One of the first questions many of my clients have after they have been in a car wreck is whether they can accept the insurance company’s pay-off for their totaled car.  Most people need the pay-off money to be able to buy substitute transportation as quickly as possible.  Some people accept the insurance company’s pay-off well before they even think about hiring a lawyer, and well before they have even spoken to a lawyer about representing them in a car wreck case. This is certainly understandable and normal human conduct when your car has been totaled in a wreck that isn’t your fault. But can there be a problem with accepting the insurance company’s pay-off for your car and, in return, releasing ownership of it to that insurance company for salvage value?

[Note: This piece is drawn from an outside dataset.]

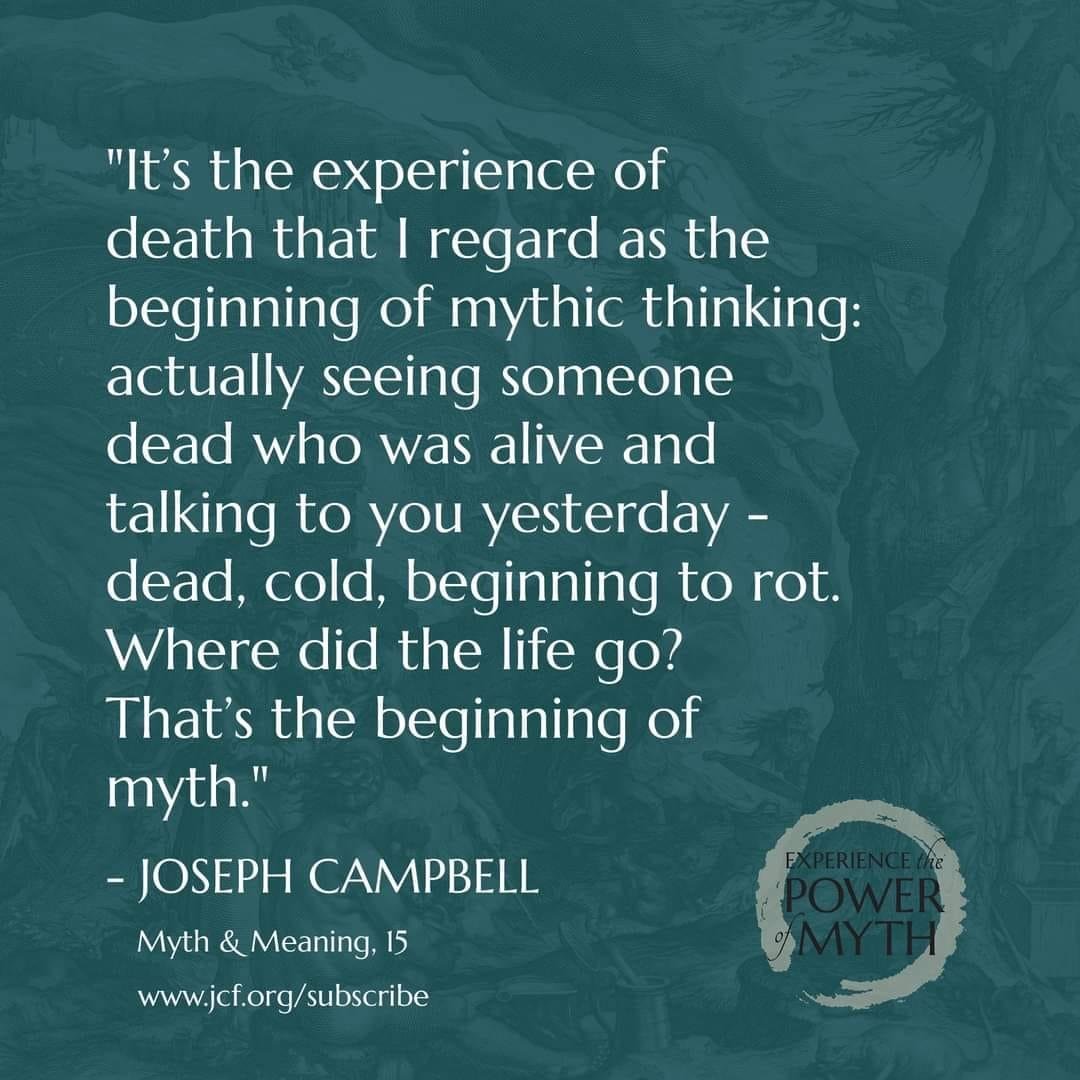 Deep insight from one of the great minds of the last century.   I've been following, and absorbing, Joseh Campbell since discovering 'The Power of Myth' many decades ago. He speaks rivers of truth.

Typically, in a car wreck that has resulted in some personal injuries due to the negligence of the at-fault driver for say, running a stop sign, or rear-ending the car in front, the answer for at least 30 years has been no.  In the past, no insurance carrier ever really cared about preserving the car in a plain ordinary negligence car wreck case where there is no evidence of any mechanical failure of the car or any evidence that the car itself was, somehow, defective. In the last 5 years or so, however, that has changed. Now, in an increasingly scorched-earth tactic by defense lawyers, they often file a motion to dismiss even run-of-the-mill car wreck cases for the plaintiff’s failure to preserve or keep the car that was involved in the wreck, even if that car was totaled by the insurance carrier. This motion is referred to as a “spoliation motion” and they are becoming more and more popular as a “gotcha” tactic by defense attorneys who really have no defense for their insured’s actions in actually causing the wreck in the first place.  They have to admit their insured was negligent and caused the wreck, but maybe they can get out of the whole thing by arguing that without the car to be examined by an expert, hypothetically, we can never know whether something was wrong with the brakes or the windshield wipers (yes, I have really had that argued by defense counsel in a case) or the seat belts or any of a number of made-up potential problems, even if there exists no evidence that anything about the car caused or contributed to the wreck.  At a minimum it is frustrating…at the worst, it can cost a plaintiff her entire case.